Save aranm/8d55c23a84d9c94dd4f2 to your computer and use it in GitHub Desktop.
= The Feed is King (or Queen)
When creating a social network type application the feed is king, the most common query that will be run against your service will be a request to get the feed. There are of course many ways to model the feed and a couple of components that are required.

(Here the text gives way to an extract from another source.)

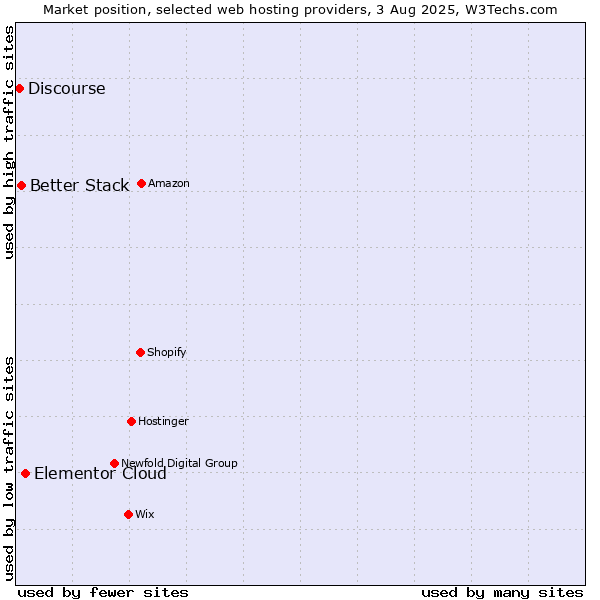 Market position of Elementor Cloud vs. Better Stack vs. Discourse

To do a very simple feed one might structure the data as follows:
Users follow other users
[cypher]
----
(n:USER)-[:FOLLOWS]->(m:USER)
----
//hide
[source,cypher]
----
CREATE
(_0:USER { id:1,name:"Bob" }),
(_1:USER { id:2,name:"John" }),
(_2:USER { id:3,name:"Jill" }),
(_3:USER { id:4,name:"Jack" }),
_0-[:FOLLOWS { time:200 }]->_1,
_0-[:FOLLOWS { time:201 }]->_2,
_0-[:FOLLOWS { time:202 }]->_3,
_0-[:FOLLOWS { time:203 }]->_0
----
//graph
Users can then post stuff
[source,cypher]
----
MATCH (n:USER)
WHERE n.id = 4
CREATE n-[:POSTS { time: TIMESTAMP()}]->(p:POST { content: "Hello world", time:1000})
----
//graph
Which after a few posts can end up with a graph like so:
//hide
[source,cypher]
----
MATCH (u:USER)
WHERE u.id = 1
CREATE (u)-[:POSTS]->(:POST { content:"Had no coffee today",time:1001 });
MATCH (u:USER)
WHERE u.id = 2
CREATE (u)-[:POSTS]->(:POST { content:"Have you seen the preview yet?",time:1002});
MATCH (u:USER)
WHERE u.id = 2
CREATE (u)-[:POSTS]->(:POST { content:"Get out AND have a look, it\u0027s fantastic",time:1003});
MATCH (u:USER)
WHERE u.id = 3
CREATE (u)-[:POSTS]->(:POST { content:"My baby just walked for the first time",time:1004 });
MATCH (u:USER)
WHERE u.id = 3
CREATE (u)-[:POSTS]->(:POST { content:"Feeling #great",time:1005 });
----
//graph
The feed query then becomes: (this displays the feed that Bob will see)
[source,cypher]
----
MATCH (n:USER)-[:FOLLOWS]->(m:USER)-[:POSTS]-(p:POST)
WHERE n.name = 'Bob'
RETURN m as User, p as Post
ORDER BY p.time DESC
----
//table
All this looks well and good, but there will be some problems. The feed is generally returned in reverse date order. When browsing twitter for example we see a list of tweets with the most recent tweet at the top. To load the whole feed for a user would be ridiculous so what happens is the top 20-50 tweets are loaded and when you scroll down more are loaded as you need them. In order to achieve this with the data structure outlined above one would have to structure the queries as follows. I'm going to return 2 at a time as I don't have that many in the db)
[source,cypher]
----
MATCH (n:USER)-[:FOLLOWS]->(m:USER)-[:POSTS]-(p:POST)
WHERE n.name = 'Bob'
RETURN m as User, p as Post
ORDER BY p.time DESC
LIMIT 2
----
//table
In order to get the next 2 after this we have to match where time is greater than the last post returned by the previous query
[source,cypher]
----
MATCH (n:USER)-[:FOLLOWS]->(m:USER)-[:POSTS]-(p:POST)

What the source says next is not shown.